I have given you some details earlier. A T Kearney (if you don't know who they are, you probably are not an MBA student or engaged in a business activity - none of which is a bad thing, mind you) has for the 10th year running organised the Global Prize - a simulated consulting engagement run as a competition. This year, the participants are Cranfield School of Management, Judge Business School, London Business School, Manchester Business School and Rotterdam School of management from Europe. The North American Contestants are University of Chicago, Columbia, Kellogg, University of Michigan, Sloan, Wharton and Carnegie Mellon.
One team from each will compete for the European Final or American Final as the case may be and the European and American winners will face off for the Global Prize. The representative team for each school is chosen through competition between the teams from that school. In our case, I registered in a team of four, apart from myself, the other team members were Amit Kapoor, Adrian deCourcey and Pietro Ponte. We called ourselves the Cinnamon Club - we thought if we win the finals, we would go and celebrate at that acclaimed restaurant.

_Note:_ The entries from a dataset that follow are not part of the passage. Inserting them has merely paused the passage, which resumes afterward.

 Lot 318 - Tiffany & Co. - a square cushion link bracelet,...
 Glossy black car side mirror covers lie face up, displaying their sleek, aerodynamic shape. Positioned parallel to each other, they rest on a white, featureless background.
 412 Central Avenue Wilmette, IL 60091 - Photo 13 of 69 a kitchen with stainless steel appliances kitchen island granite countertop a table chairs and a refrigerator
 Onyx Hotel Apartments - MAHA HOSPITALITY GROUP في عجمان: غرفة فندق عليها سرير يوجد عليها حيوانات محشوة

The first round was simulated interviews. We posed as A T Kearney consultants and went to interview the client - real life A T Kearney consultants who were enjoying being on the other side of the table, giving the consultants a hard time :) The teams were evaluated on preparation and client handling skills. We (The Cinnamon Club) bonded as a team prior to this stage. There was lots of enthusiasm, dissection of the case, points for asking questions - in short, we enjoyed this. Each one wanted to win, and we did our best to structure our questions and ensure that we did not loose control of time. The interviews themselves were great. We were focussed and managed to be professional and keep to time, despite the best efforts of one particular interviewee :)
The second round was written submission. Based on data gathered from the interviews, each team was supposed to submit its recommended strategy. This we did in due course, as per schedule. The fun part was putting together the strategy. I am surprised really with the short time we took to agree what it should be. The salient features, the timing et all. Amit worked really hard on the presentation. Adrian and Pietro were their usual selves, dedicated and willing to put their best efforts.

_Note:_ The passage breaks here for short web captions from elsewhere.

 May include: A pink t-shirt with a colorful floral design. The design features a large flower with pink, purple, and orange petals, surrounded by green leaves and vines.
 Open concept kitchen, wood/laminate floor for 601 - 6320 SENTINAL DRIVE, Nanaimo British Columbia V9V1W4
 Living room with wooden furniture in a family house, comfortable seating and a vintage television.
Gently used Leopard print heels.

Based on the strategy submitted and the performance of the team in the interviews, three teams were short listed. The Cinnamon Club was one of those. We now had to present our strategies in front of the judges - A T Kearney people and our faculty. Competing for the honour of representing Cranfield at the later stages of the competition, we started looking at ways to improve. Mind you, this is all simultaneously with everything else in the week, the WAC, the sessions and the L'Oreal networking event. It was tough, but fun. In our pursuit to win, there were a few heated interactions - minor but nevertheless there. All of us put in so much that at the end of it, all we could do was crash onto the bed. We practised three times, I think, before friends who very generously provided their time, as well as very useful feedback. We progressed from four individuals presenting to one team presenting. Then, after all the revisions and all the practice, it was time to present the strategy.
Ours was the first team to start. It was only us and the judges, no spectators allowed, so the only version you will hear about our presentation is ours. :) The judges were three Cranfield alumni who are now working with A T Kearney, and one Cranfield faculty, John Glen. I would of course want to say that we gave the best presentation ever. But we did give our best. Then, after it was over, we played some pool.

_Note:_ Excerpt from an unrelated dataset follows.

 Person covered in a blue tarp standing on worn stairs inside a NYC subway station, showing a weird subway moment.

The results were announced, we were runners-up. I still think our strategy is the best :) for this case, but where we could have improved is more numbers and certain soft skills. This improvement bit is feedback received from A T Kearney, by the way.
That was the end of the road for us as far as the A T Kearney Global Prize is concerned. We tried our best, so did our other Cranfield teams. We, The Cinnamon Club, wish the winning team all the best in their journey to the global prize. I am sure they want to win the global prize as bad as we wanted to. We learnt many things, about ourselves, about applying our knowledge, and about consulting processes. Thank you, A T Kearney, for this wonderful opportunity.